# To do:
Below are entries. Copy exactly the lines running from the line that holds "MIRZA-Dresses-Every day is" to the line that holds "bathroom featuring a", with both ends included.

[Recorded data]
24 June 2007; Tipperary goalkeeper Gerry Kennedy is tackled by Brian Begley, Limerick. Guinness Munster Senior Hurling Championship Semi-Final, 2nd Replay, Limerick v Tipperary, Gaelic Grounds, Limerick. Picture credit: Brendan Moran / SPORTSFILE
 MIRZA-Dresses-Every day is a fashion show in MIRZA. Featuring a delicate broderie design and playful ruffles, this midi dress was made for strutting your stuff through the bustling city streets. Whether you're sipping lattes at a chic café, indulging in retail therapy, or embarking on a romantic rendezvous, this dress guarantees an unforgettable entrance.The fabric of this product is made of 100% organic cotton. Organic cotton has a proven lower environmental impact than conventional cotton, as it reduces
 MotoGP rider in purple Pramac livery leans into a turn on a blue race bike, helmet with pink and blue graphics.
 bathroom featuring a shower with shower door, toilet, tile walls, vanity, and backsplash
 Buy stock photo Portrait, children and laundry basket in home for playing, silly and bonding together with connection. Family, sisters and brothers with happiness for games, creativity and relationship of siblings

# Exercise solution:
 MIRZA-Dresses-Every day is a fashion show in MIRZA. Featuring a delicate broderie design and playful ruffles, this midi dress was made for strutting your stuff through the bustling city streets. Whether you're sipping lattes at a chic café, indulging in retail therapy, or embarking on a romantic rendezvous, this dress guarantees an unforgettable entrance.The fabric of this product is made of 100% organic cotton. Organic cotton has a proven lower environmental impact than conventional cotton, as it reduces
 MotoGP rider in purple Pramac livery leans into a turn on a blue race bike, helmet with pink and blue graphics.
 bathroom featuring a shower with shower door, toilet, tile walls, vanity, and backsplash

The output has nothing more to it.